First, we consider the case where the concentration at the inlet is constant (i.e., $C_0=1$ and ${\overline{C}}_0=1/s$). For this case, let us describe the concentration as $C_c$. The inverse Laplace transformation leads to the following expression:

$$\begin{array}{cc}{C}_c(T,X^{\prime })\hfill & =L^{-1}[\frac{1}{s}\exp (-w_1{X}^{\prime })exp(-s{w}_1{X}^{\prime })\exp (-w_2{X}^{\prime }{(s+1)}^{\beta })]\hfill \\ & =e^{-w_1{X}^{\prime }}H(T-w_1{X}^{\prime })G(T-w_1{X}^{\prime },X^{\prime }),\hfill \end{array}$$

(42)

where $H\left(z\right)$ is a Heaviside step function and

$$\begin{array}{cc}G(T,X^{\prime })\hfill & =L^{-1}[\frac{\exp (-w_2{X}^{\prime }{(s+1)}^{\beta })}{s}]\hfill \\ & =e^{-w_2{X}^{\prime }}-\frac{1}{\pi }{\int }_0^{\infty }{e}^{-T(\xi +1)}\exp [-{\xi }^{\beta }{w}_2{X}^{\prime }\cos \left(\pi \beta \right)]\sin \left[{\xi }^{\beta }{w}_2{X}^{\prime }\sin \left(\pi \beta \right)\right]\frac{d\xi }{\xi +1}.\hfill \end{array}$$

(43)

when concentration in the inlet is an arbitrary function of T (i.e., $C_0=C_0\left(T\right)$), then concentration in the fracture can be obtained by utilizing Duhamel’s theorem [30]:

$$C(T,X^{\prime })=\frac{\partial }{\partial T}{\int }_0^T{C}_0(T-\tau )C_c(\tau ,X^{\prime })d\tau ,$$

(44)

where $C_c$ is the concentration when the concentration at the inlet is constant, defined by Equation (42). If the radioactivity decays exponentially at the inlet, the boundary concentration and its Laplace form are given as $C_0=e^{-T}$ and ${\overline{C}}_0=1/(s+1)$. The solution C can be obtained by the inverse Laplace transform directly from Equation (41) as:

$$\begin{array}{cc}C(T,X^{\prime })\hfill & =L^{-1}[\frac{1}{s+1}\exp [-w_1{X}^{\prime }(s+1)]\exp [-w_2{X}^{\prime }{(s+1)}^{\beta }]]\hfill \\ & =e^{-T}H(T-w_1{X}^{\prime })G^{\prime }(T-w_1{X}^{\prime },w_2{X}^{\prime }),\hfill \end{array}$$

(45)

where

$$G^{\prime }(T,X^{\prime })=L^{-1}[\frac{1}{s}{e}^{-X^{\prime }{s}^{\beta }}]=1-\frac{1}{\pi }{\int }_0^{\infty }\frac{e^{-\xi T}}{\xi }\exp [-X^{\prime }{\xi }^{\beta }\cos \left(\pi \beta \right)]\sin [X^{\prime }{\xi }^{\beta }\sin \left(\pi \beta \right)]d\xi .$$

(46)

The effects of the order of fractional derivatives on radioactive contaminant transportation are shown in Figure 2 and Figure 3. Analytical solutions for the constant concentration at the inlet given by Equation (42) are plotted for different $\beta$ in Figure 2a,b. The initial concentration is $C(T=0,X^{\prime })=0$, and the boundary source concentration at $x=0$ is $C_0=1$. As shown in Figure 2a, concentrations at far points from the inlet were larger for $\beta =0.5$ than that for $\beta =0.1$. For the case of larger $\beta$, contaminants are most likely to migrate through the fracture. In contrast, small $\beta$ describes transport with longer delays, which derive from diffusion into the surrounding rocks or adsorption and desorption to the fracture walls. Thus, smaller $\beta$ describes a longer memory effect.

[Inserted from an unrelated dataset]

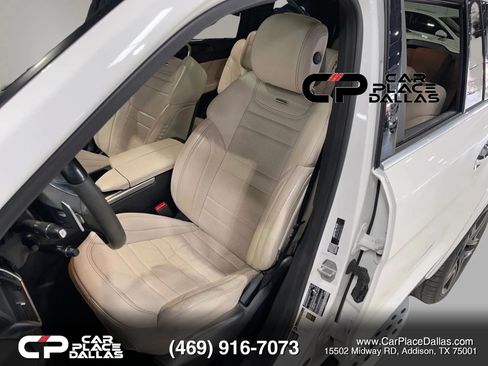 Used 2016 Mercedes-Benz GL 63 AMG 4MATIC w/ Accessory Chrome Package image 23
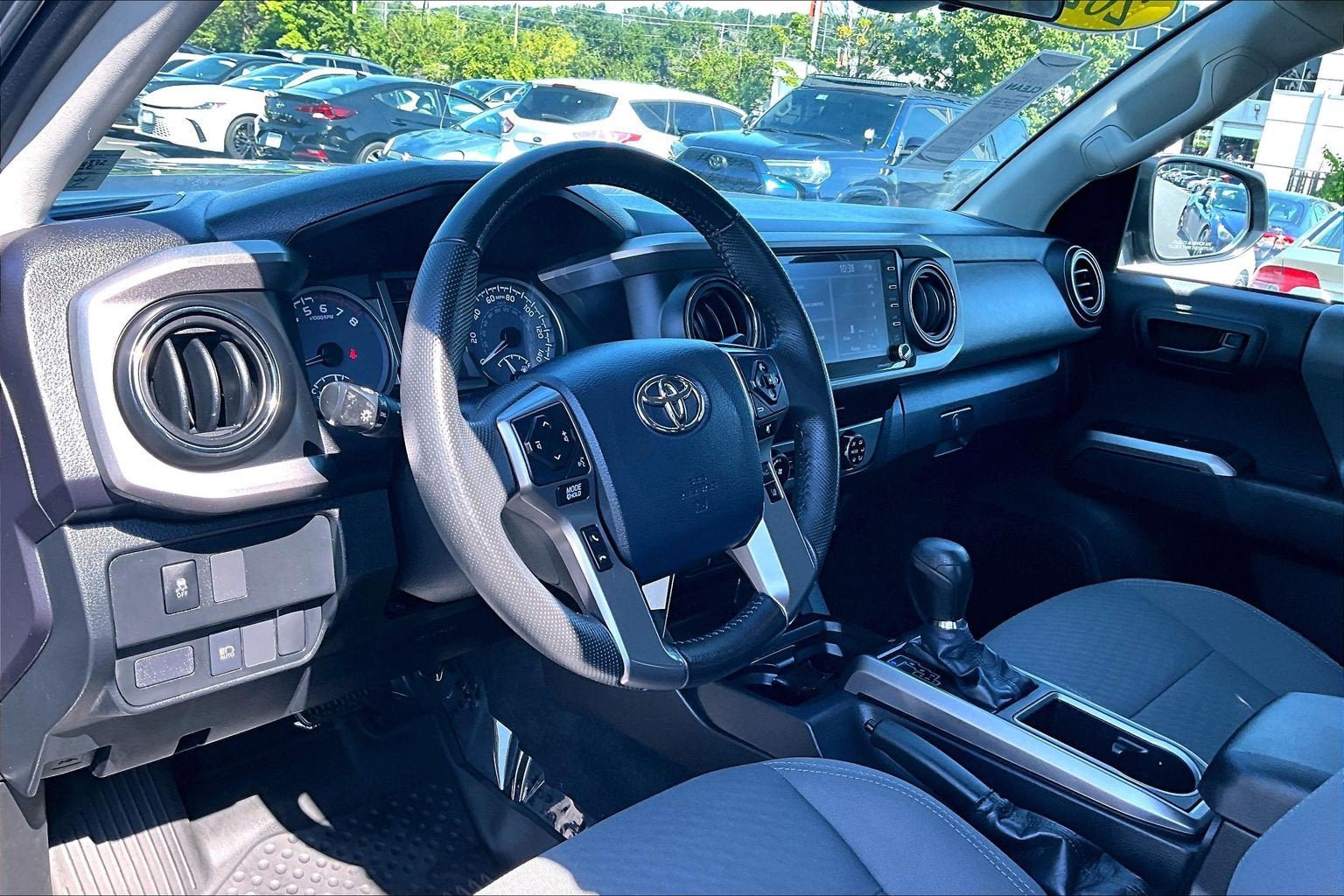 Used 2020 Toyota Tacoma SR5 w/ SR5 Appearance Package (SM) AWD/4WD image 13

The mass flux on the fracture–matrix interface in Equation (3) is taken account for the generalized Fick’s law with fractional spatial derivative, and does not describe the effect of temporal memory. However, since we deal with the mass flux on the fracture–matrix interface where the concentration of the transported contaminant significantly depends on time, it is physically obvious that the mass flux at the given moment of time depends not only on concentration at this moment of time, but also on how this concentration varied in the previous moment of time. This feature can be called the effect of temporal memory and mathematically described by the convolution integral in Equation (24). Equation (31) also explains that the generalized Fick’s law with fractional spatial derivative accounts for the memory effect. Incidentally, Equation (24) allows the mixed problems of calculating concentration on the fracture–matrix interface to be split into separate problems of calculating concentration in the matrix and calculating concentration in the fracture, respectively. The latter significantly simplifies the analysis of mass transport in the matrix–fracture system.

As shown in Figure 3a, concentration for constant boundary source approached certain values of concentration, which did not reach the injected concentration ($C_0=1$). We can see that larger $\beta$ shows larger concentration at the late time, showing the phenomenon of longer memory as discussed above.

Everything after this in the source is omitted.